[Lxc-users] version 0.8.0 coming soon

Serge Hallyn serge.hallyn at canonical.com
Tue Feb 28 23:16:12 UTC 2012


Quoting Papp Tamas (tompos at martos.bme.hu):
> On 02/28/2012 04:13 PM, Serge Hallyn wrote:
> >Quoting Papp Tamas (tompos at martos.bme.hu):
> >>On 02/28/2012 01:20 AM, Serge Hallyn wrote:
> >>>Quoting Daniel Lezcano (daniel.lezcano at free.fr):
> >>>>Hi all,
> >>>>
> >>>>I will release a 0.8.0-rc1. I am looking for volunteer to test it :)
> >>>Worked fine for me.  Tested create and clone of ubuntu, ubuntu and
> >>>ubuntu-cloud images, with dir and lvm backing stores.  (And a run
> >>>of lp:~serge-hallyn/+junk/lxc-test)
> >>>
> >>>Note, because upstream kernel didn't much care about the
> >>>'mount -o remount,ro /' problem, I'm going to patch lxc to
> >>>pin open a '${rootfs}.hold' file, as long as the container
> >>>is running.  That will prevent the underlying fs from being
> >>>remounted ro.  (see
> >>>https://bugs.launchpad.net/ubuntu/+source/lxc/+bug/942325 for
> >>>details).  That'll buy us some time to find a better solution
> >>>in the kernel.
> >>>
> >>>
> >>Why can a container change mount options outside of its rootfs?
> >>Sorry for the stupid question:)
> >It's not a stupid question at all.
> >
> >The container isn't changing mount options outside of its rootfs.  THere
> >are two places an fs can be marked readonly - in the mount itself, and in
> >the superblock.  When you make a bind mount, you are creating more mounts
> >(vfsmounts) using the same superblcok.
> >
> >If you do
> >
> >	mount --bind / / # not needed in container bc it's already been done
> >	mount --bind -o remount,ro /
> >
> >then you are setting the reasonly flag on the mount itself.  If you just do
> >
> >	mount -o remount,ro /
> >
> >then you are setting the reasonly flag on the superblock, which will
> >force all other mounts of that superblcok to also be readonly.
> >
> >Right now there is no way to prevent a container from doing that.  I sent
> >a patch to make the devices cgroup be consulted on that, so that it could
> >reteurn -EPERM.  That was refused.  The two other options I'm considering
> >(and it wouldn't hurt ot have both) are 1. to pass the  remoutn flags to the
> >LSM (selinux or apparmor or smack) so that it can deny permission.  Right
> >now it can't do that (except for all-or-nothing check on remount).  And 2.
> >to make it so that after doing
> >
> >	mount --bind / /
> >	mount --bind -o remount,ro /
> >	mount --bind -o remount,rw /
> >
> >any subsequent
> >
> >	mount -o remount,rw /
> >
> >would be refused (or automatically done only at the mount level).  I don't
> >think that should be hard to do at fs/namespace.c:do_remount().
> 
> 
> This may be to much for my brain:)
> 
> Anyway, could you make deb package from it?

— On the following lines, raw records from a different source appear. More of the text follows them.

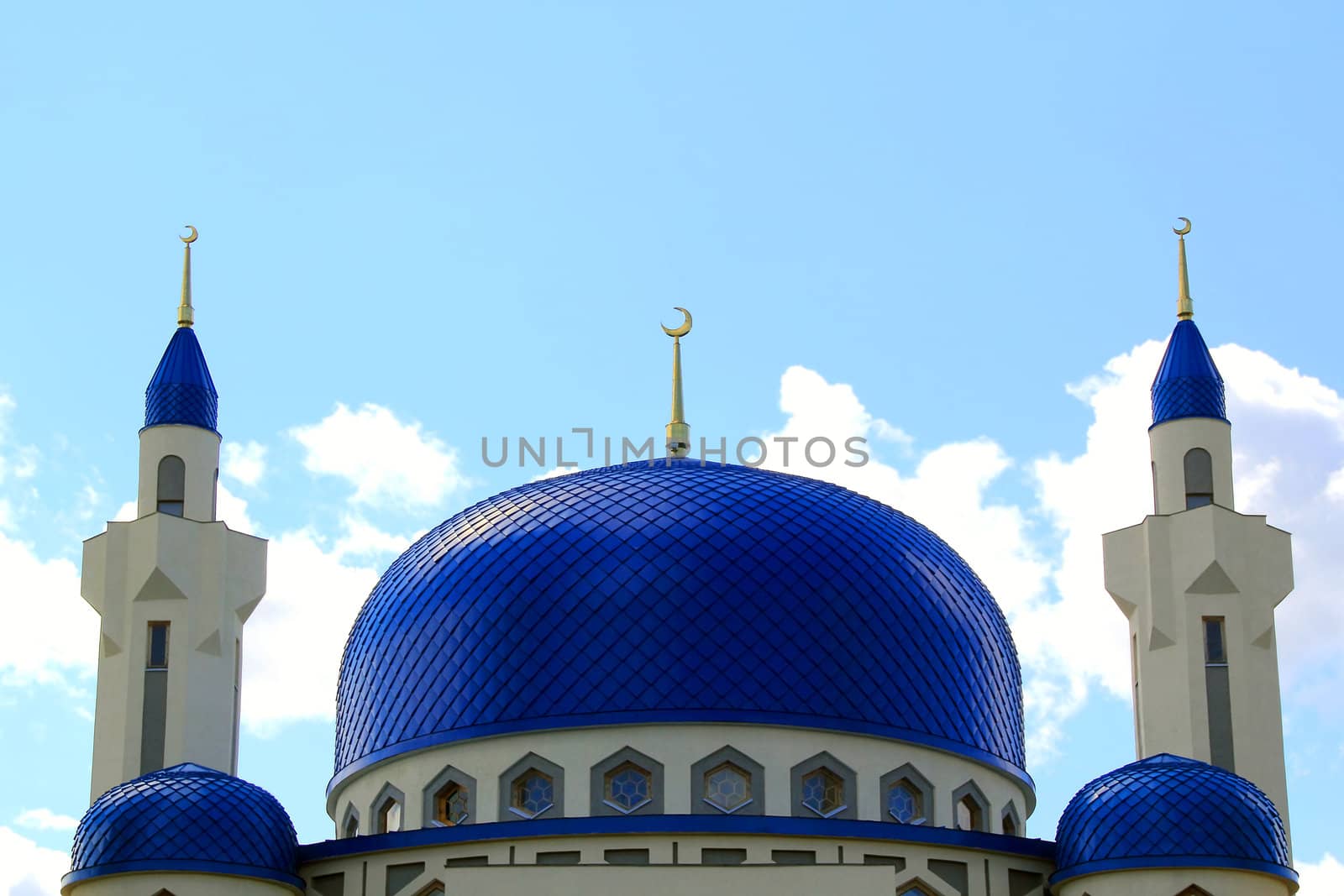 Summer landscape with Islam temple of the South Russia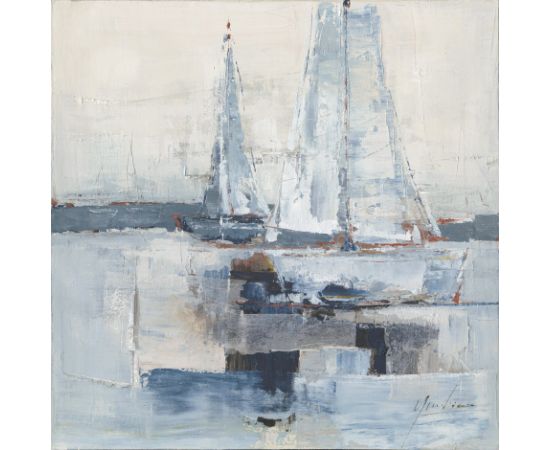 Oil painting 100x100cm, 
sailboats at sea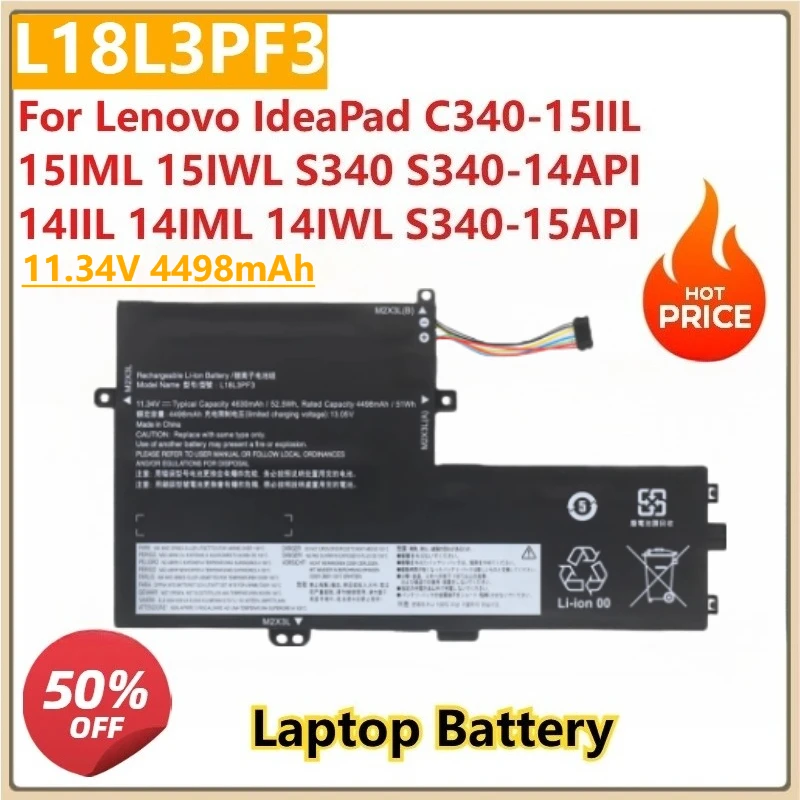 11.34V 4498mAh L18L3PF3 Laptop Battery For Lenovo IdeaPad C340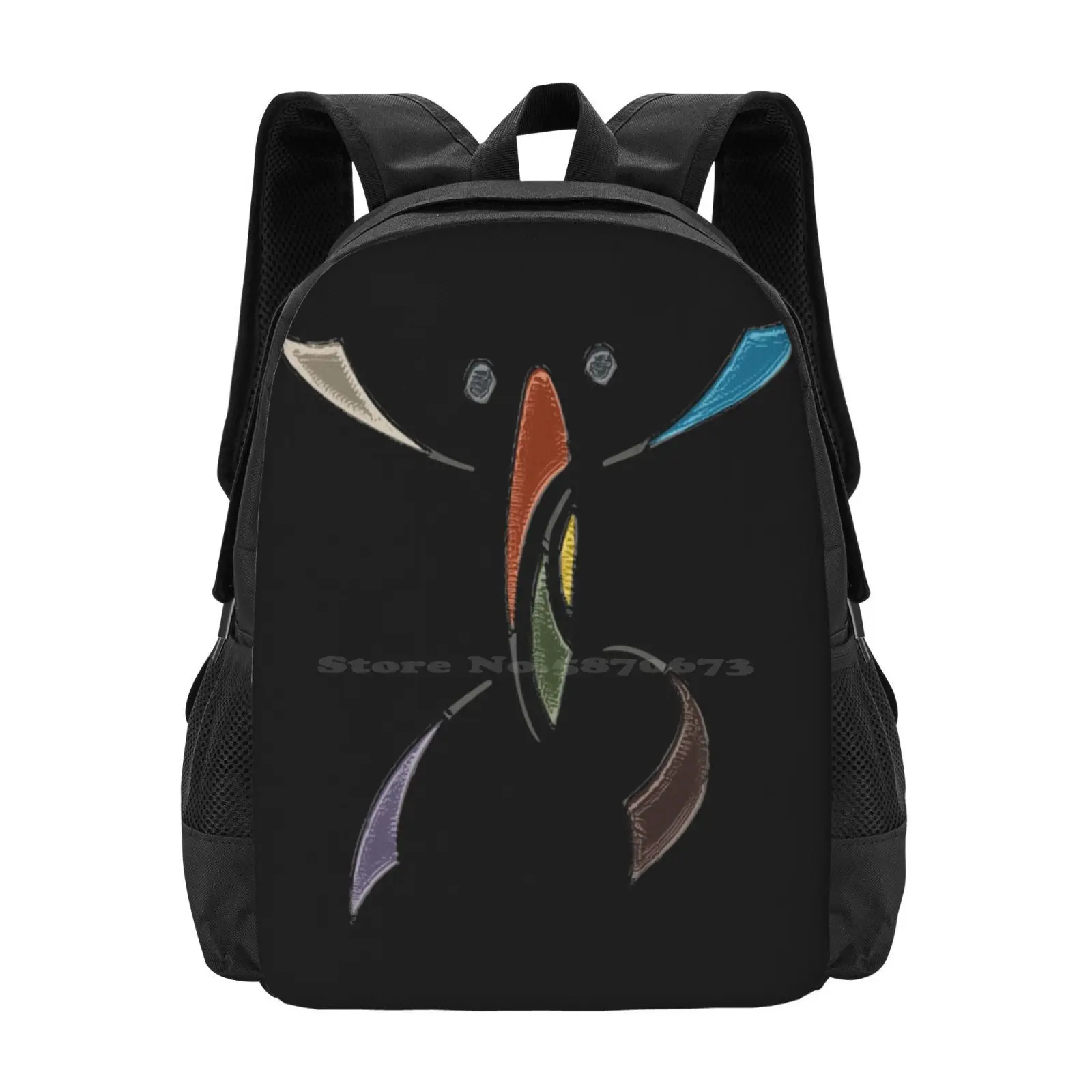 Tribal Coqui Taino Symbol Puerto Rico Colorful Sketch Backpack For Student School Laptop Travel Bag Taino Symbols Taino Indians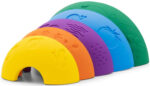 Kolorowa tęcza sensoryczna z pięciu elementów dla dzieci z wypukłymi wzorami do zabawy i nauki. Jellystone Designs Jellystone Tęcza sensoryczna Over the rainbow Bright 5el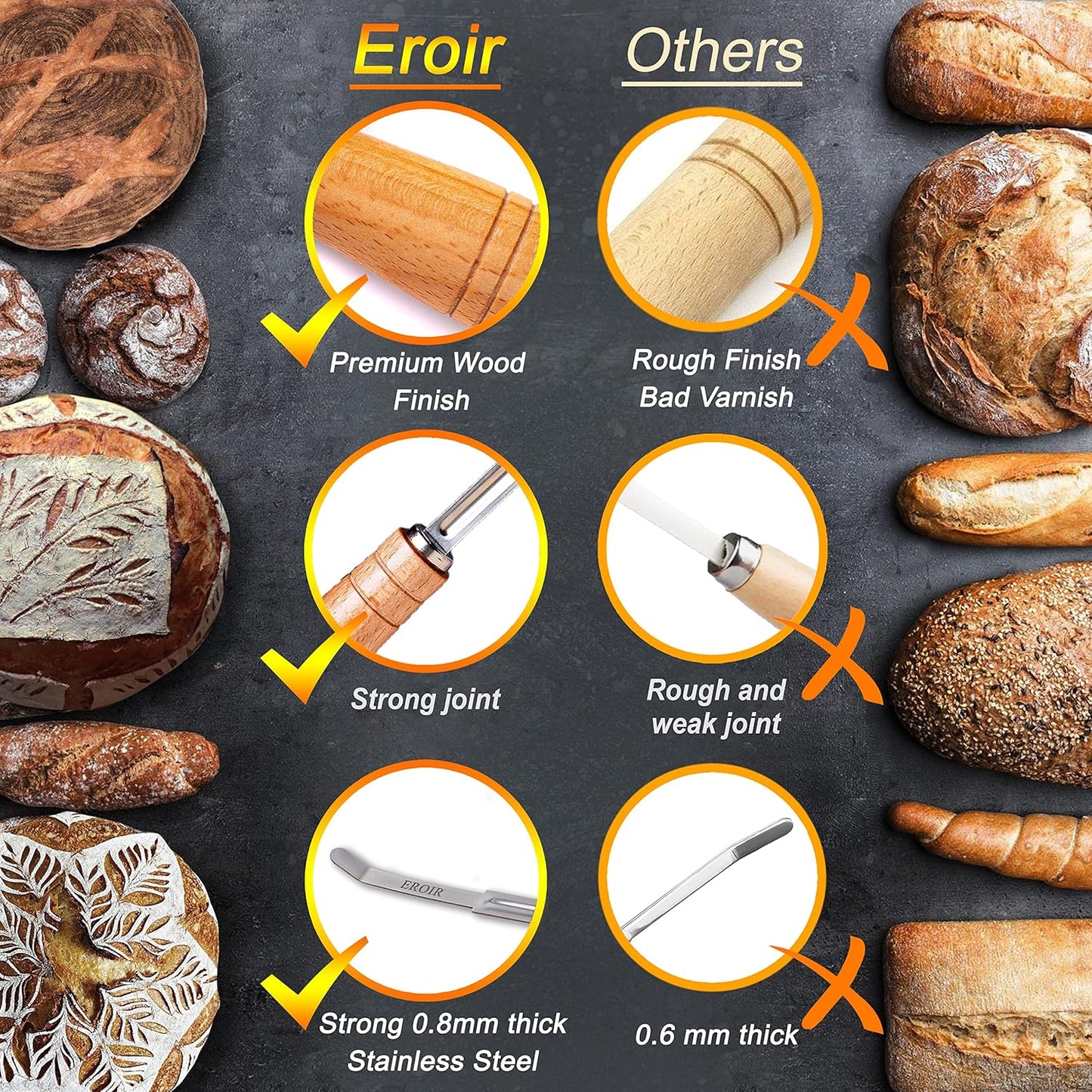 EROIR 13" Danish Dough Whisk Bread Lame Bowl Scraper Set - Dutch Sourdough Whisk Double Eye, Dough Scraper, Bread Scorer with 10 Blades and Leather Cover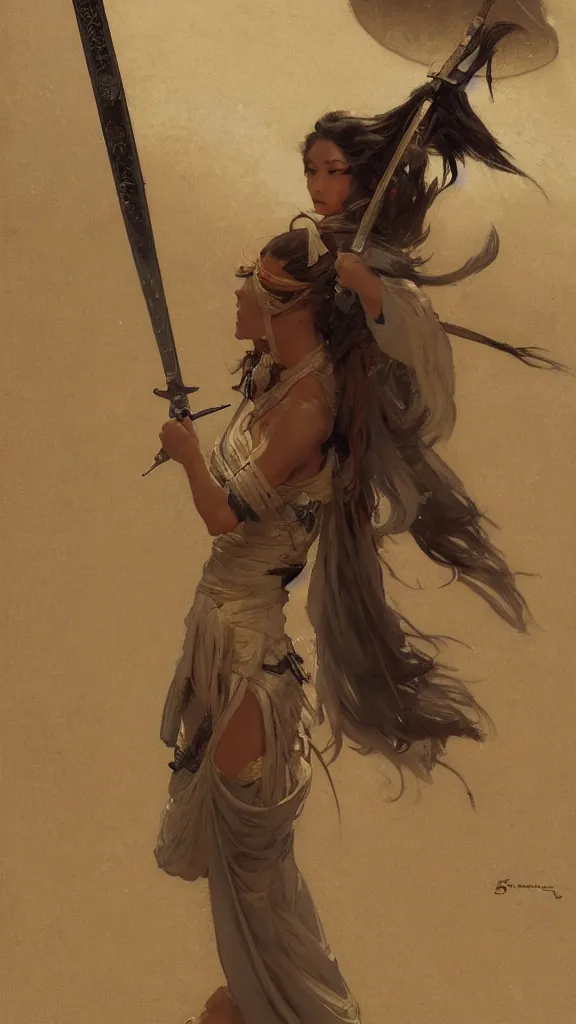 Image similar to modern elegant tanned female samurai ninja, with large sword, open exposed back, wide leg hakama trousers, by gaston bussiere, mucha, gerome, craig mullins, greg rutkowski, john singer sargent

I've got it working for an ubuntu package, though we're in freeze right
now.  I intend to push the patch to my github tree tomorrow, and I've
pushed the package to ppa:serge-hallyn/virt (version 0.7.5-3ubuntu31,
should build in a few hours).  Meanwhile here is the actual patch for
now.

Tests fine for me.

Subject: lxc-start: if rootfs is a dir, pin the fs

Otherwise the container can remount the shared underlying fs readonly.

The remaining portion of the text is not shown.